In [1]:
import pandas as pd
import numpy as np
from datasets import Dataset
from evaluate import load as load_metric
from transformers import AutoTokenizer, AutoModelForTokenClassification, Trainer, TrainingArguments, DataCollatorForTokenClassification
from peft import get_peft_model, LoraConfig, TaskType
import torch
from typing import List

DATA_FILE_PATH = '/mkpucit_final_ner_input.csv'
df = pd.read_csv(DATA_FILE_PATH)

print(f"Loaded dataset with {len(df)} rows.")

def convert_to_iob(tags: List[str]) -> List[str]:
    iob_tags = []
    previous_tag = 'O'
    for tag in tags:
        # 1. Handle Non-Entity tag
        if tag == 'Other' or tag == 'OTHER':
            iob_tags.append('O')
            previous_tag = 'O'
        # 2. Handle same entity tag (Inside)
        elif tag == previous_tag:
            iob_tags.append(f'I-{tag}')
            previous_tag = tag
        # 3. Handle new entity tag (Beginning)
        else:
            iob_tags.append(f'B-{tag}')
            previous_tag = tag
    return iob_tags

df['Ground_Truth_Tags'] = df['Ground_Truth_Tags'].astype(str).apply(lambda x: x.split())
df['Ground_Truth_Tags'] = df['Ground_Truth_Tags'].apply(convert_to_iob)

NER_TAGS = ['O', 'B-Location', 'I-Location', 'B-Person', 'I-Person', 'B-Organization', 'I-Organization']
id2label = {i: tag for i, tag in enumerate(NER_TAGS)}
label2id = {tag: i for i, tag in enumerate(NER_TAGS)}

print(f"Total IOB Labels: {len(NER_TAGS)}")
print(f"Example IOB tag list (first row): {df['Ground_Truth_Tags'].iloc[0]}")

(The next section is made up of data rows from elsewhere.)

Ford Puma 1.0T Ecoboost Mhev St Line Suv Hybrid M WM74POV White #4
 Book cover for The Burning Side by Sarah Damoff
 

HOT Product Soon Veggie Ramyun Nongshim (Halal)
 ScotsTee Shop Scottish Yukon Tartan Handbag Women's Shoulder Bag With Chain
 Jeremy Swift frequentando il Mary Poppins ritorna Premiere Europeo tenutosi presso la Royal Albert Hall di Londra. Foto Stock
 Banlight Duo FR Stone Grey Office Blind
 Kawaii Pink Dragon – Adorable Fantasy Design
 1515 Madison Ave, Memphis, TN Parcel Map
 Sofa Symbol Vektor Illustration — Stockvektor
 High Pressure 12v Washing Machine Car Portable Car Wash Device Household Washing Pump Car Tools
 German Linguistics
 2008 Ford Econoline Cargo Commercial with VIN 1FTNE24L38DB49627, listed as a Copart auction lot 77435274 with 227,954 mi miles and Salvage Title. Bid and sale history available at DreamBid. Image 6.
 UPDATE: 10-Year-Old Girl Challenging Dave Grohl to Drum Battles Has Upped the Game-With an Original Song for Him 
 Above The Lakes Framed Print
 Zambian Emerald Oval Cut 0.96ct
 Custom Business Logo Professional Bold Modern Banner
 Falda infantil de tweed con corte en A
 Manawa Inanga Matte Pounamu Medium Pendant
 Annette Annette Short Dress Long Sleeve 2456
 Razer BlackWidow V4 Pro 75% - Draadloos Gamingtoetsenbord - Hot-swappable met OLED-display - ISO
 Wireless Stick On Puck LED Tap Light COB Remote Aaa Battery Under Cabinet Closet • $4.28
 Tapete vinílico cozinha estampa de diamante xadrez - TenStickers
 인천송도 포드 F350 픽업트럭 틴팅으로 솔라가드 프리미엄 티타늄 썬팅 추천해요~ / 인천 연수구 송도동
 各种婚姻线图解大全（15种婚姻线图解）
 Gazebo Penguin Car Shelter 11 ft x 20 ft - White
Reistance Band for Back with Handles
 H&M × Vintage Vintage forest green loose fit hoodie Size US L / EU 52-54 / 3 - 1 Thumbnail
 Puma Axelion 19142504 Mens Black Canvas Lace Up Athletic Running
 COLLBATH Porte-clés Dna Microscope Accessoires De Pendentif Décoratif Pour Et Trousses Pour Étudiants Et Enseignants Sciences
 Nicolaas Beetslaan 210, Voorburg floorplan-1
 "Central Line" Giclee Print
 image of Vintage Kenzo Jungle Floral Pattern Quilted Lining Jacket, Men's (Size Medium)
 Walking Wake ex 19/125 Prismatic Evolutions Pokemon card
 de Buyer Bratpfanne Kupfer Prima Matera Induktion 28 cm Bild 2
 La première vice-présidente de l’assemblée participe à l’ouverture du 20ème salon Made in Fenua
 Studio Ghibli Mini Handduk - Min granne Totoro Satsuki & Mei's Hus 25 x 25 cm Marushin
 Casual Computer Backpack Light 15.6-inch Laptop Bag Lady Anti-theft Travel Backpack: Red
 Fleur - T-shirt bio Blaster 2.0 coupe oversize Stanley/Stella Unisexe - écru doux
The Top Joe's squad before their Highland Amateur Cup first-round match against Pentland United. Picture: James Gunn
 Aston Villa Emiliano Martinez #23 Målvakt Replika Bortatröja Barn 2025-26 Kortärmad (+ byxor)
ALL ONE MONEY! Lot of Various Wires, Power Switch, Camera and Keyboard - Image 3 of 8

Loaded dataset with 24276 rows.
Total IOB Labels: 7
Example IOB tag list (first row): ['B-Location', 'O', 'O', 'O', 'O', 'O', 'O', 'B-Person', 'I-Person', 'O', 'O', 'O', 'O', 'B-Location', 'O', 'O', 'O']


In [27]:
MODEL_CHECKPOINT = "xlm-roberta-base"
tokenizer = AutoTokenizer.from_pretrained(MODEL_CHECKPOINT)


def tokenize_and_align_labels(example, input_column):

    raw_text = str(example[input_column])
    split_text = raw_text.split()

    tokenized_inputs = tokenizer(
        split_text,  # Pass the list of words, not the full string
        truncation=True,
        is_split_into_words=True,
        max_length=128
    )

    labels = []

    ground_truth = example["Ground_Truth_Tags"]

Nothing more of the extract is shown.